Film set means back to school for Phoenix

Journal Sentinel film critic
Last Updated: Oct. 27, 2000

For Joaquin Phoenix, every new movie is like the first day of school.

He approaches each of them with equal amounts of dread and enthusiasm.

"I'm petrified every time," said the 26-year-old co-star of the summer blockbuster "Gladiator," who stars in the the new urban crime drama "The Yards" with Mark Wahlberg.

"Every time, I feel like it's my first movie," Phoenix continued during a recent interview at the Toronto International Film Festival. "I've never gone (to the set) and thought, 'Yeah. I know just what I'm going to do.' And I think the moment that you start thinking that you do know, you're going down. Because part of what makes people good, or the best they can be, is the never-ending desire to explore the character. And those nerves, they help you."

Phoenix has acted with formally trained veterans Richard Harris in "Gladiator," Michael Caine in the upcoming film "Quills" and Ellen Burstyn, James Caan and Faye Dunaway in "The Yards." But they never gave him any pointers, he said, "and frankly, I'm too self-obsessed to listen."

"I think you have to be. I'm not ashamed of it. It's what you have to do."

Once you're in character, he said, "you don't want to know about anybody else's process."

Such creative uncertainty also has its drawbacks, said James Gray, who wrote and directed "The Yards." Young actors like Phoenix and Wahlberg, Gray said, "can't do what a lot of elder statesmen can do, which is come on the set for a day, do something dramatic and amazing and leave. Their lack of training means that it's sometimes total lightning in a bottle with them. You'll be shocked and pleased by what they're doing, but most likely they won't be able to do it again."

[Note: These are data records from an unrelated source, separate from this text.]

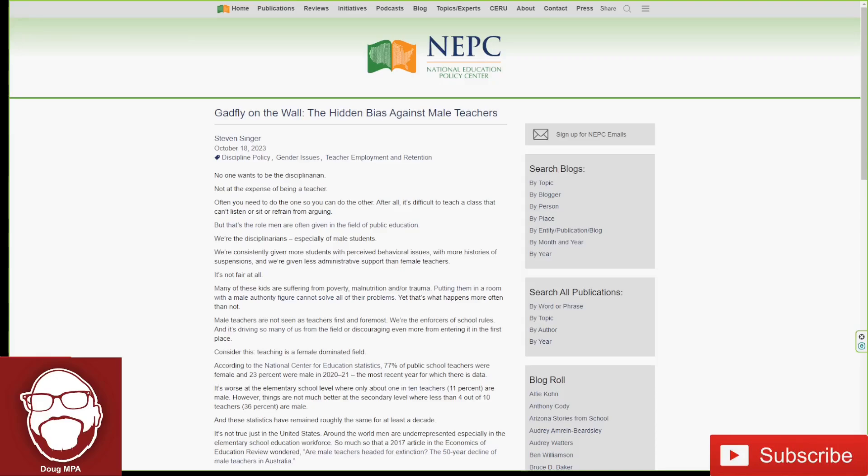Welcome back, it's Doug MPA. I've done multiple videos about what it's like for men to work with women in an all-female workplace. I'll put links to those videos in the description so you can check them out.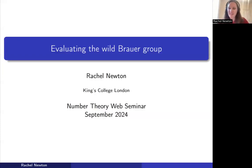Thank you very much for the invitation. It's a real honor to be the first speaker in the session and the 219th speaker in the Number Theory Web Seminar.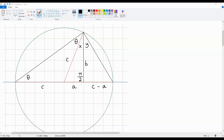Hello there, it's Tiago, and in this video, I'm going to be showing you an alternative way to derive Pythagoras' theorem. This method involves using Thales' theorem.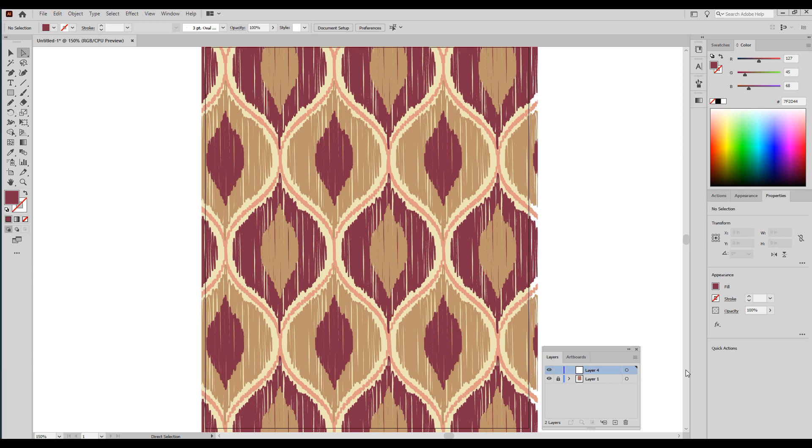Today I'm going to show you how to easily create an ogee framework in order to make ogee patterns, and then I'm going to show you a trick on how to give your patterns a faux ikat look.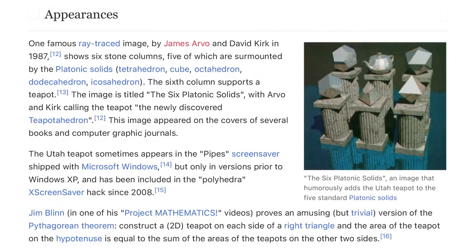One famous ray-traced image by James Arvo and David Kirk in 1987 shows six stone columns, five of which are surmounted by the platonic solids — tetrahedron, cube, octahedron, dodecahedron, icosahedron — while the sixth column supports a teapot. The image is called 'The Six Platonic Solids,' with Arvo and Kirk calling the teapot the 'newly discovered teapotahedron.' This image appeared on the covers of several books and computer graphics journals.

In "The Yards," which is about political corruption and brutality in the awarding of contracts for the New York City subway system, Gray fictionalized real events involving characters his family knew and whose consequences touched his own family. Phoenix plays the flashy muscle man working for manufacturer and father-figure Caan. Wahlberg plays Phoenix's friend, an emotionally inert, downbeat ex-convict who becomes the fall guy for their crimes.

Gray was reluctant to cast Wahlberg, whom he knew only as a former singer.

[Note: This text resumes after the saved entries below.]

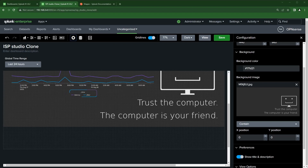Hope you found this video helpful. I showed you some different ways to have fun in Splunk and make the dashboard your own — give it a little more pop. As always, if you have any questions or comments, please leave them below, and happy Splunking!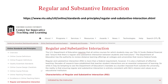I always want to bring up regular and substantive interaction — it is a federal policy, so we do have to abide by it. Online courses are not enough; students have to have interaction with you as an instructor. If you're using your synchronous sessions and breakout rooms, that's a great way to help meet this regulation. I did put the website on the screen, and I can send it to you in a follow-up email.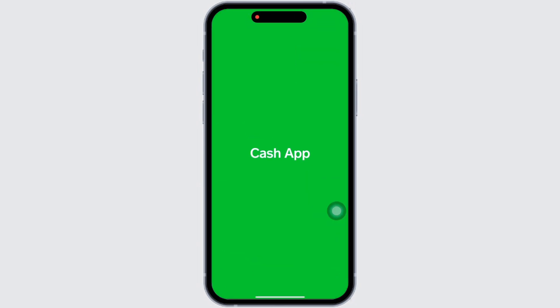First, go ahead and open the Cash App application on your device. It is possible to use Cash App without verification, but there are some limitations. For instance, you will not be able to send or receive more than $250 per week, and you will not be able to use the Cash App Cash Card.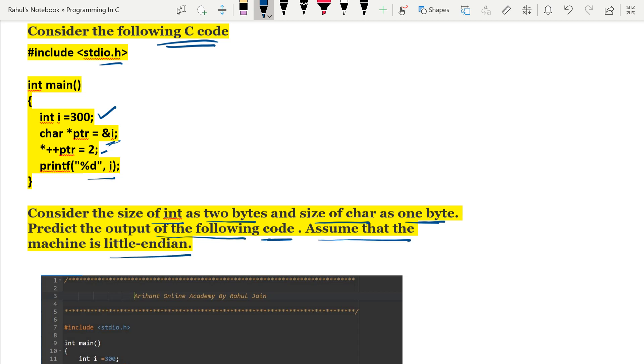Basically there are two types of storing data: first is little-endian and second is big-endian. In little-endian machine, when we have multi-byte data types like int, float, character, if there are more than one bytes then the last byte will be stored first. But in big-endian machine the first byte will be stored first.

"I kept thinking Vanilla Ice," said Gray. "I literally had no knowledge of him."

Even after seeing Wahlberg in "Boogie Nights," Gray still felt he was wrong for the role.

"I told him, 'You're the handsome guy all the girls love, and this is Travis Bickle.' And he said, 'You think I'm an underwear model, but I'm not that guy.' "

Wahlberg, who also spent time in jail, told Gray he shared the character's troubled past and pursued the role so vigorously Gray figured "he must be passionate about it for a reason. So why not give him a shot?"

Gray cast Phoenix for his "incredibly sensitive" and "virtually saintly quality. I was looking for a young Alain Delon ('Rocco and His Brothers'), and I thought he was that."

Gray said both young actors share "an emotional intelligence and ability to understand people and behavior . . . which could make them potentially magnificent actors. Both have fascinating and rich personal histories, and I think that matters a lot to their emotional understanding and level of commitment."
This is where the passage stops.